[TRIBUNE] La République ne peut pas abandonner ses victimes

Une société qui laisse ses victimes sans réponse, abdique et se dirige immanquablement vers le chaos.
Capture écran Préfecture de Police
Capture écran Préfecture de Police

Ce mercredi 8 octobre, à Montpellier, le syndicat de police Unité a organisé une distribution de tracts devant la gare Saint-Roch. Leur slogan, « Victimes abandonnées, et si c’était vous ? », a résonné comme un véritable cri d’alarme. Car derrière ces mots se cache une réalité glaçante : des millions de procédures en attente, des victimes qui ne voient jamais leurs plaintes aboutir, des enquêteurs épuisés, contraints de travailler avec des moyens obsolètes et parfois totalement inadaptés ; enfin, des personnels démotivés qui fuient désormais la filière d’investigation de la police nationale, hier encore la plus prestigieuse.

Une crise majeure de la police judiciaire

Cette mobilisation n’est pas un simple geste corporatiste. Elle traduit une crise majeure de la police judiciaire au sein de la police nationale. Une crise qui fragilise le pacte républicain lui-même, car une Justice lente, inaccessible et in fine inefficace est une Justice qui nie les droits des citoyens. En particulier en novembre 2023, lors de la réforme de la police nationale, des policiers actifs et retraités, mais aussi des magistrats et des avocats, avaient été nombreux à rappeler que la sécurité et la justice sont les deux piliers indissociables de l’État de droit. Que l’impuissance de l’institution policière face à l’explosion de la criminalité et des contentieux nourrit le sentiment d’abandon des Français et encourage les criminels. Les chiffres de la délinquance n’ont cessé, au cours de ces dernières années, de leur donner raison.

L’impact délétère de la réforme mise en place il y a deux ans, sur laquelle il est impératif de revenir, n’a fait qu’aggraver une situation déjà extrêmement tendue. Mais aujourd’hui, faute d’enquêteurs en nombre suffisant et de moyens adaptés, les victimes perdent confiance, les délinquants gagnent en impunité et l’autorité de l’État s’effrite. Ainsi ne s’agit-il pas seulement d’une question de gestion interne mais surtout d’un enjeu politique majeur : il est devenu urgent de restaurer la crédibilité de la puissance publique.

Il faut un recrutement massif d’enquêteurs

Les policiers de terrain réclament un plan d’urgence. Cela suppose un recrutement massif d’enquêteurs, mieux formés et dont les fonctions et les missions doivent être valorisées. Une modernisation rapide et effective des outils numériques et techniques afin de traiter efficacement les procédures, en particulier pour résorber au mieux le contentieux actuel qui s’élève, rappelons-le, à trois millions de procédures en attente. Et il ne cesse de s’accroître ! Une réforme structurelle et législative du traitement des enquêtes en vue de leur simplification pour réduire les délais et recentrer les policiers sur leur cœur de mission et les infractions les plus graves. Ces mesures ne sont pas des privilèges accordés à une profession, elles sont une exigence démocratique. Car derrière chaque dossier en souffrance, il y a une victime qui attend réparation, une famille qui espère la vérité, une société qui réclame justice.

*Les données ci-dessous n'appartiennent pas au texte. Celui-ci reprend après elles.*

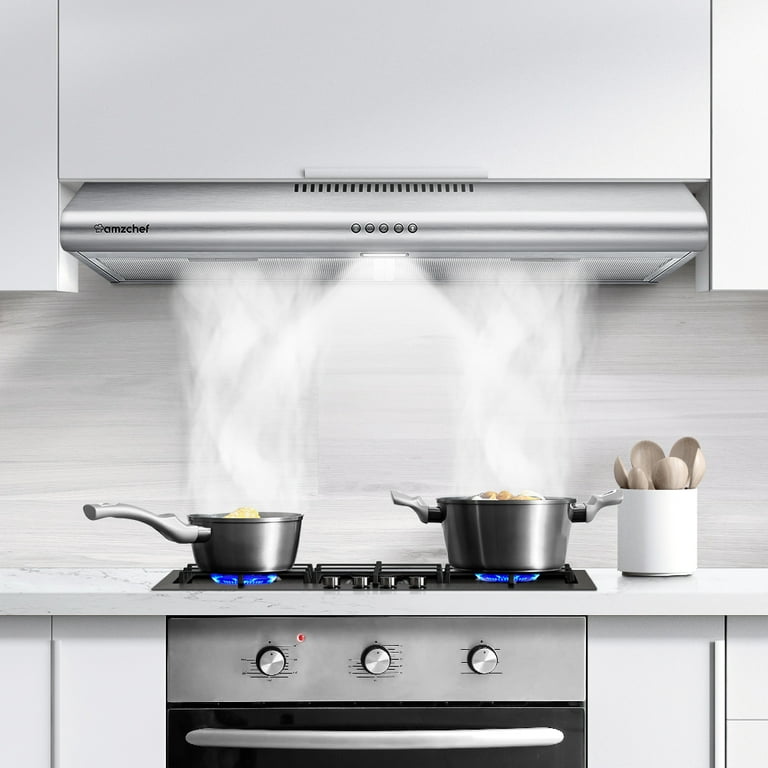 30 in. 500 CFM Ducted Under Cabinet Range Hood with Digital Touch Display  and LED Lights in Stainless Steel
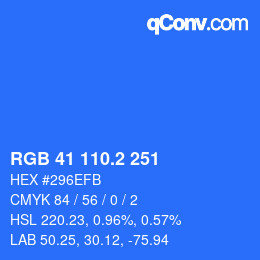 Color code: RGB 41 110.2 251 | qconv.com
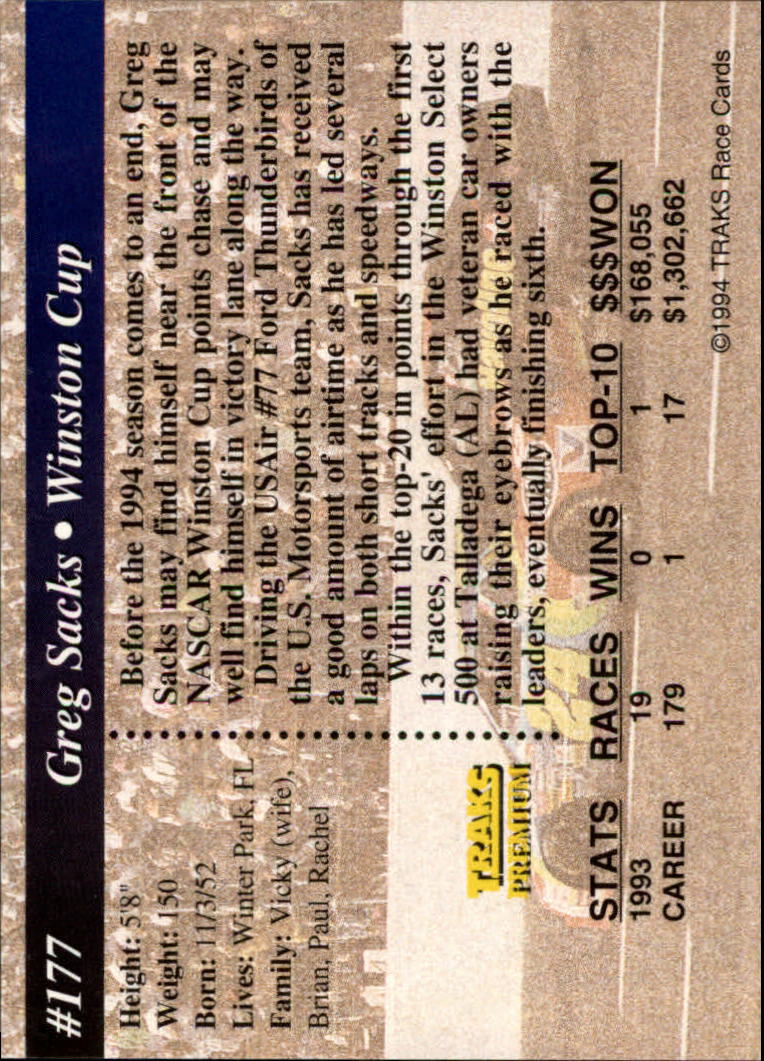 1994 Traks #177 Greg Sacks back image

Le regard que nous devons porter aujourd’hui est simple : la République ne peut pas, ne doit plus, abandonner ses victimes. Les policiers qui alertent ne défendent pas seulement leurs conditions de travail, ils défendent l’idée même d’un État protecteur qui est en voie de disparition. La sécurité ne doit pas être un luxe réservé à quelques privilégiés des « beaux quartiers », c’est un droit fondamental pour tous. Ignorer cette crise reviendrait à accepter, comme c’est déjà le cas dans de nombreux territoires de notre pays, que la loi ne s’applique plus partout, ni pour tous.

Il est grand temps que les pouvoirs publics entendent ce signal d’alarme. Car une société qui laisse ses victimes sans réponse est une société qui abdique et se dirige immanquablement vers le chaos.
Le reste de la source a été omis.